*** Begin section ***

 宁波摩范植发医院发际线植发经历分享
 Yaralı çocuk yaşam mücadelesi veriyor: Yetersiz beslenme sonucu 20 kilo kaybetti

*** End section ***
*** Begin section ***

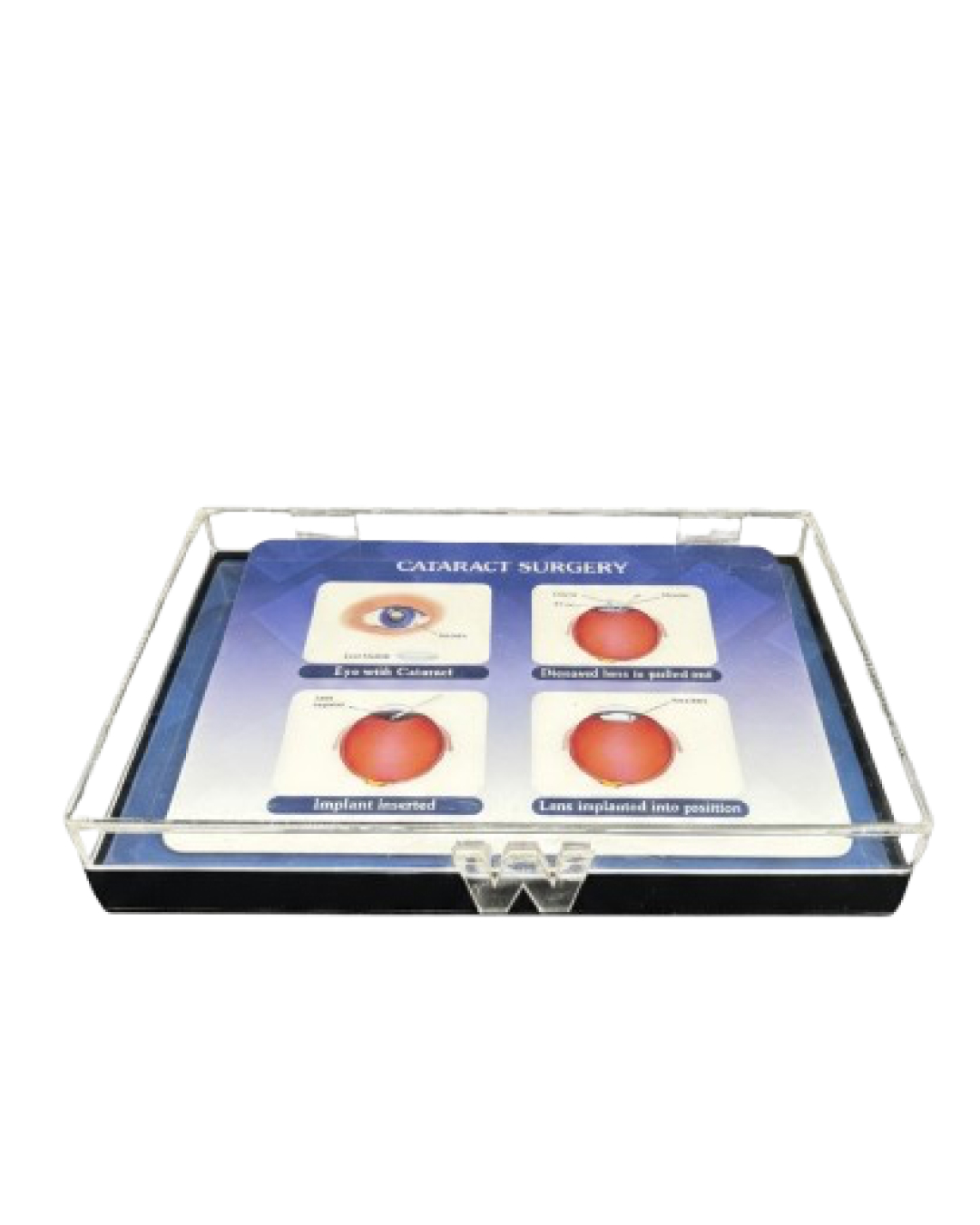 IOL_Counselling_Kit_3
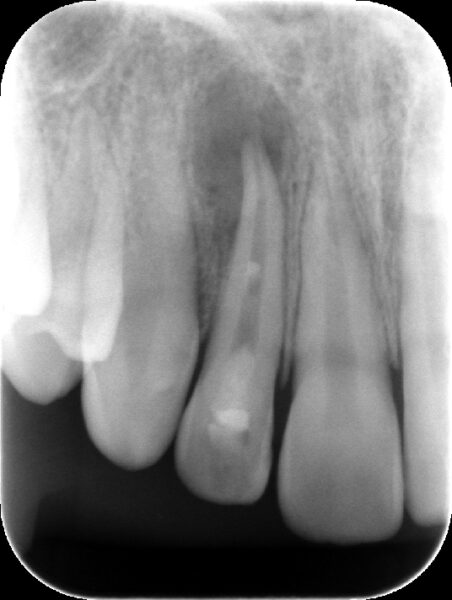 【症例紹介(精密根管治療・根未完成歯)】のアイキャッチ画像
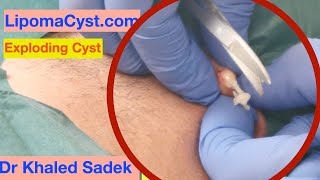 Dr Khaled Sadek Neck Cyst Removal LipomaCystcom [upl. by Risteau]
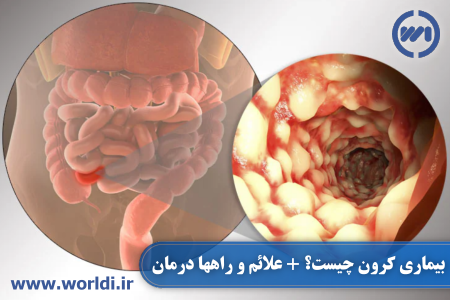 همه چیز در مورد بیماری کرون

*** End section ***
*** Begin section ***

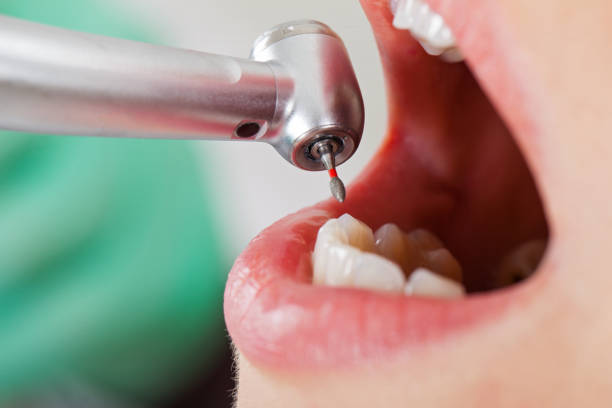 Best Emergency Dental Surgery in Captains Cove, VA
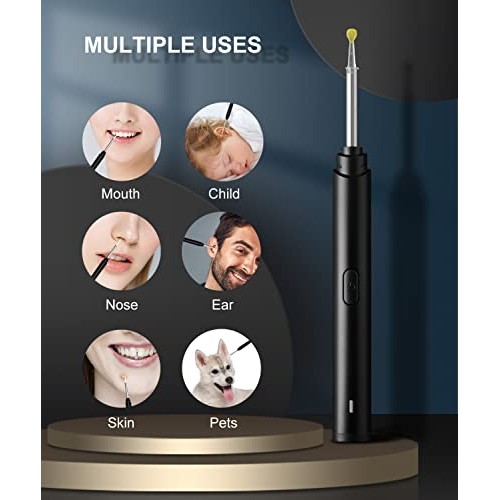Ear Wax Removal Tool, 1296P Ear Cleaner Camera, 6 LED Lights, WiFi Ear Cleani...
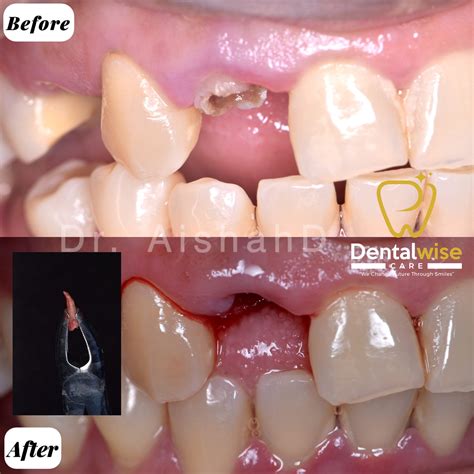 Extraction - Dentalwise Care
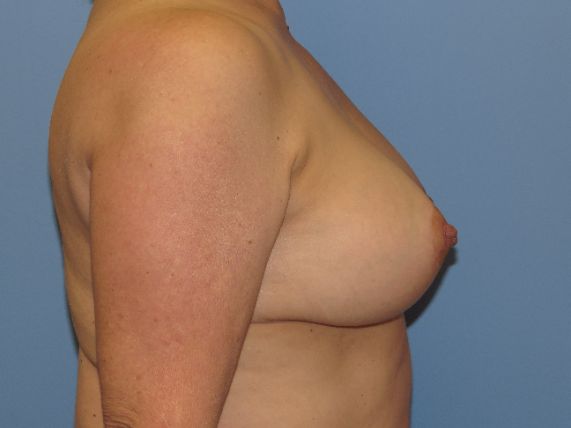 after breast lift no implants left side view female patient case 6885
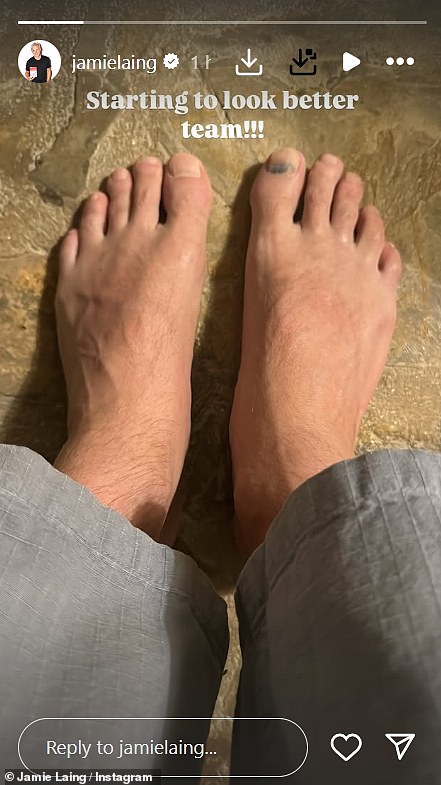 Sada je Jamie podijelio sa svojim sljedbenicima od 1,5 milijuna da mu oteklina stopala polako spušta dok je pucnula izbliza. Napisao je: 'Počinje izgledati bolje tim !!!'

*** End section ***

ASSIGNMENT ▸ Give again the stretch of lines above from the one with "IOL_Counselling_Kit_3" through the one with "همه چیز در مورد بیماری کرون", both ends kept, and copy no pictures.

SOLUTION FOR THIS TASK ▸
 IOL_Counselling_Kit_3
 【症例紹介(精密根管治療・根未完成歯)】のアイキャッチ画像
 Dr Khaled Sadek Neck Cyst Removal LipomaCystcom [upl. by Risteau]
 همه چیز در مورد بیماری کرون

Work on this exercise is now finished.